Cloudydict differs somewhat from python's dict
in one regard:
instances of python's dict
are private. Cloudydict instances
associated with the same bucket are shares, so a second object like
this:
e = my_dict_class(c='3')
will be able to see a and b.
We can test for set membership in cloudydict:
'c' in d # should be true
'q' in d # should be false
We can add values:
d['d'] = 'foobar'
We can remove values:
del(d['a'])
We can list values:
print d.items()
And we can retrieve items
print d['a']
You might note that cloudydict does not return a string, but rather an
instance of cloudydict.common.RemoteObject
. RemoteObject is a lazy
evaluating proxy that emulates fairly well the behavior of both a
read only file and a string. It tries to do so fairly efficiently too,
so for example when interacting with back ends that support it, string
slicing will result in HTTP range requests. Similarly treating the
RemoteObject as a file and calling readline
repeatedly will result in
streaming behavior.
The "dual duck type" model of RemoteObject does fail for methods that
have different behaviors between implementations. For example, iter
on a string and file return individual character and lines
respectively. This is resolved by picking whichever approach is less
accessible by a standard python convention; in the case of iter, the file iter semantics are provided by default. Those desiring string semantics need to wrap their RemoteObject in a call to str like this: str(d[<key>])
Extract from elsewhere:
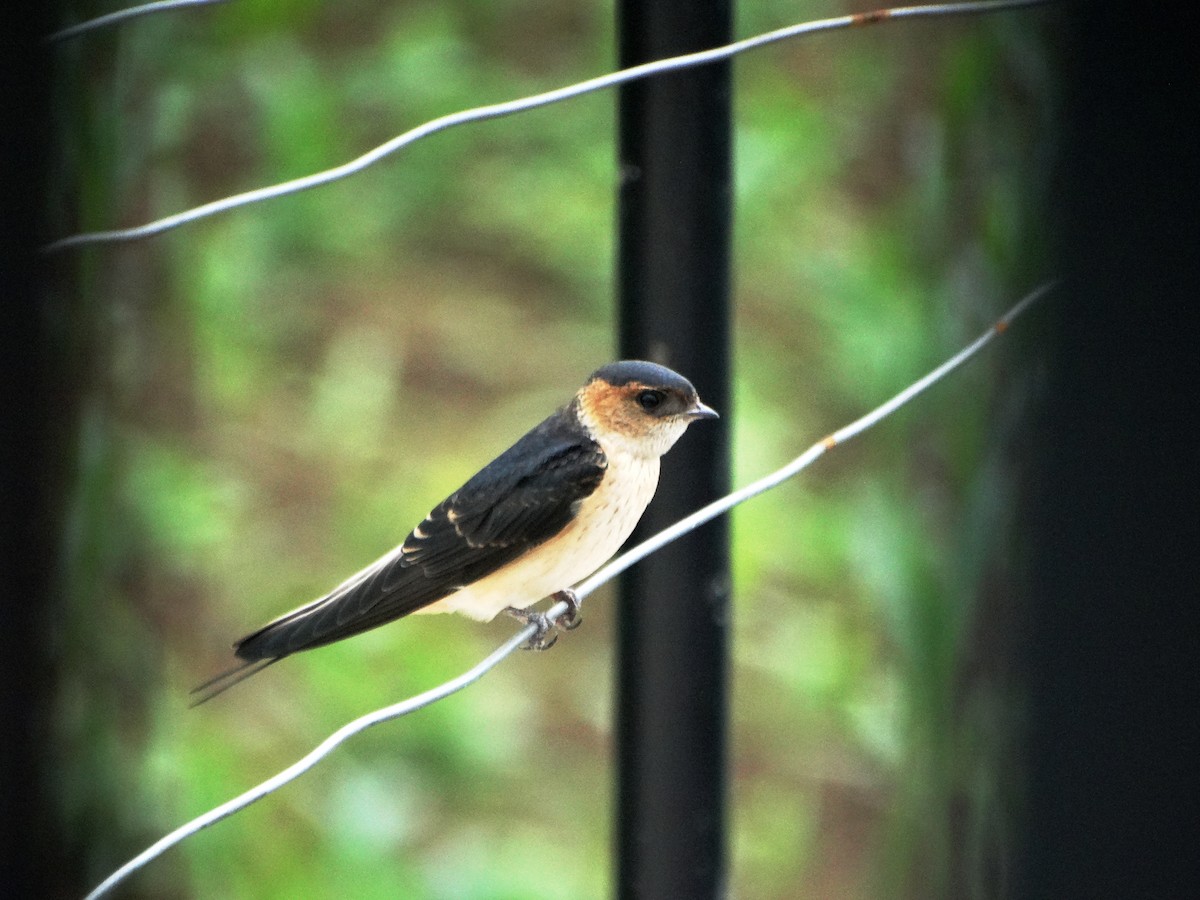 Red-rumped Swallow - ML615577533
Storage into cloudydict is similarly limited. Three types of data may
be stored in cloudydict: file like objects that have a read
method,
strings or objects that have sanely when str(<value>)
is called and
other RemoteObject instances.
When copying values between cloudydict instances never say this:
d['z'] = str(e['d'])
Instead it is more efficient to pass the RemoteObject instance like this:
d['z'] = e['d']
Cloudydict is aware of some of the special functionality some cloud vendors offer. For example, when copying between two S3 backed dictionaries, cloudy dict can use Amazon's cross bucket copy commands.